TintaSiyasi.id -- Kenya telah mendapatkan pinjaman sebesar Ksh. 40 miliar (dalam mata uang Shiling Kenya) dari Cina untuk membantu menyelesaikan proyek-proyek yang terhenti di 15 daerah. Kepala Komite Anggaran Nasional, Ndindi Nyoro mengatakan kesepakatan yang ditandatangani oleh kedua negara tersebut akan membuat para kontraktor kembali bekerja pada bulan September.
Komentar
Upaya transformasi struktural ekonomi merekalah yang membuat negara-negara seperti Kenya terjerat utang, sehingga menyebabkan peningkatan utang. Untuk memulai transformasi struktural ekonomi, banyak negara Afrika memerlukan investasi besar-besaran dalam infrastruktur yang didukung oleh pinjaman dari dua arah bursa, baik domestik dan eksternal.

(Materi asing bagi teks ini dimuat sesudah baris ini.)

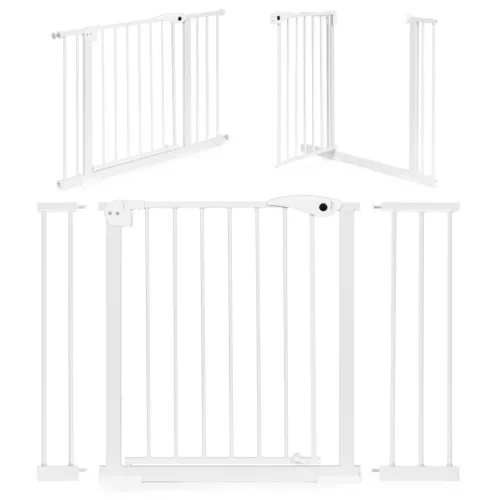 Biztonsági kapu, babarács, ECOTOYS SG-012-W, fehér, szélesség: 74–105 cm, magasság: 77 cm, egykezes nyitás, kétirányú nyílás, önzáródó, fém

Oleh karena itu, Pemerintah Kenya memutuskan kembali untuk mengambil pinjaman baru dari Cina. Padahal, Kenya baru saja menggelontorkan uang sebesar Ksh.152,69 miliar untuk membayar utang akhir tahun kepada Cina untuk membangun jalur kereta api modern. Tentunya, tambahan pinjaman yang diajukan oleh negara Kenya akan menambah beban pajak bagi rakyat.

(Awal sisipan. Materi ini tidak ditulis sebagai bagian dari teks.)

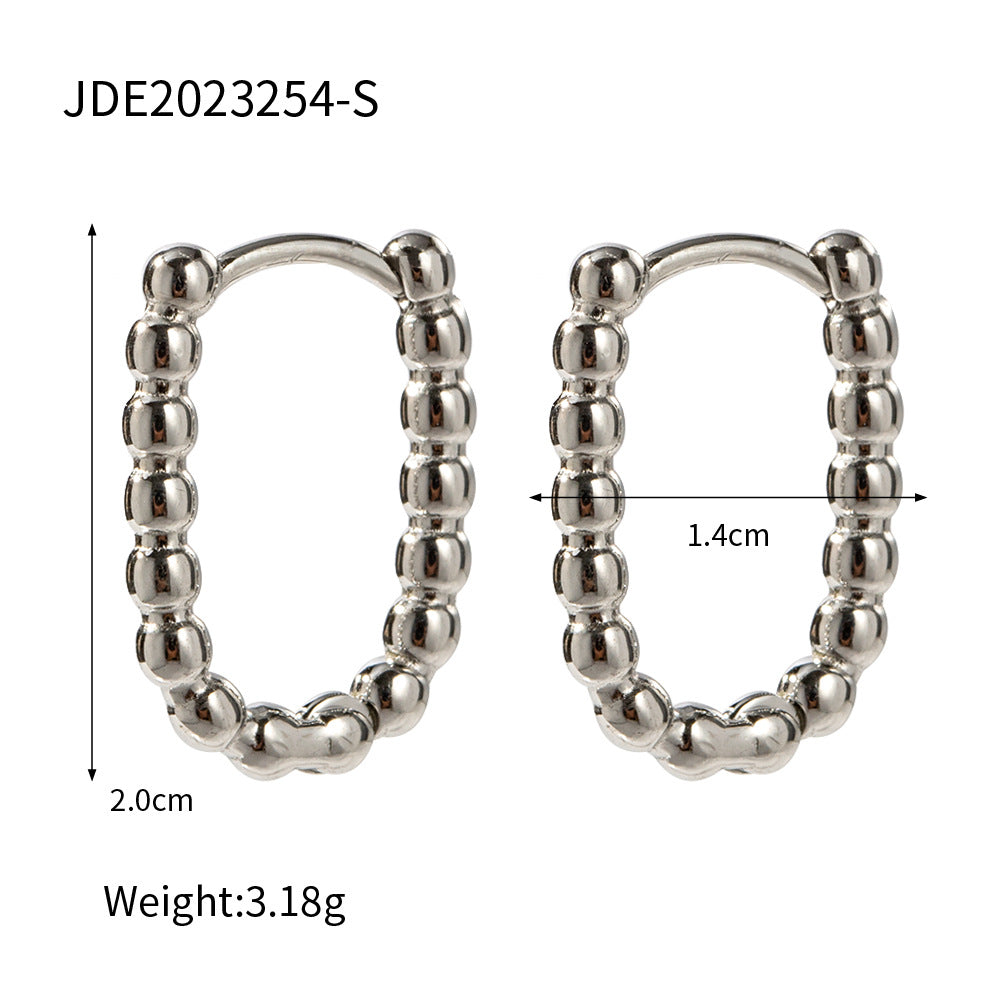 5pcs Women's Titanium Steel Earrings 18K Gold Stainless Steel Round Bead Earrings Jewelry Fashion All New Styles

Ketika pemerintahan Ruto mulai menjabat pada bulan Agustus 2022, utang luar negeri negara tersebut sekitar $62 miliar, atau 67 persen dari produk domestik brutonya. Rezim terakhir yang dipimpin William Ruto sebagai Wakil Presiden telah banyak meminjam dari negara-negara pemberi pinjaman komersial seperti Tiongkok, untuk membiayai mega proyek infrastruktur, termasuk jalur kereta api yang menghubungkan Nairobi dengan kota pelabuhan Mombasa.
Sebagian besar pinjaman tersebut bersifat komersial, artinya memiliki suku bunga yang tinggi. Sementara itu, infrastruktur yang dibangun gagal menghasilkan pendapatan yang diharapkan. Lebih buruknya lagi, banyak pemimpin Afrika yang meminjam uang dari luar negeri, tetapi digunakan untuk kepentingan pribadi. Akhirnya, meninggalkan utang kepada rakyat.
Pada aksi protes dua bulan lalu yang menelan korban jiwa, poster-poster dikibarkan untuk mengecam Dana Moneter Internasional (IMF) dan Bank Dunia yang dituduh sebagai penyebab krisis.
“IMF, Bank Dunia, Hentikan Perbudakan Modern,” tulisan dalam salah satu poster merah.
Protes tersebut tentulah merupakan hasil dari kebijakan Kapitalisme yang korup seperti menaikkan pajak dan mencari pinjaman yang telah menyebabkan penderitaan dan kesulitan yang luar biasa yang tidak hanya terjadi di Kenya, tetapi juga di seluruh dunia.
Dan ternyata, mencari pinjaman merupakan alat rancangan yang digunakan oleh Barat yang membina sekelompok kecil orang (pemimpin) yang akan memadukan kekuatan politik dan komersial untuk mengendalikan ekonomi negara-negara dunia ketiga termasuk Kenya.
Untuk memutus rantai monster utang, Kenya dan dunia pada umumnya membutuhkan sebuah model ekonomi baru, yaitu sistem ekonomi Islam yang fokus pada distribusi dan sirkulasi kekayaan, bukan pada produksi dan akumulasi kekayaan di kalangan segelintir elit. Lebih jauh lagi, dengan mata uang bimetalik yang hanya didasarkan pada emas dan perak, pinjaman berbasis bunga tidak memiliki peluang dalam ekonomi Islam. Sistem unik ini memang akan diterapkan di bawah Negara Khilafah yang akan tegak kembali berdasarkan metode Nabi Muhammad Saw. []M. Siregar
Sumber terjemahan berita: Perwakilan Media Partai Pembebasan Wilayah Kenya, The Capitalist Interest Based Loans Bring More Economic, Shabani Mwalimu, Kamis (05/09/ 2024).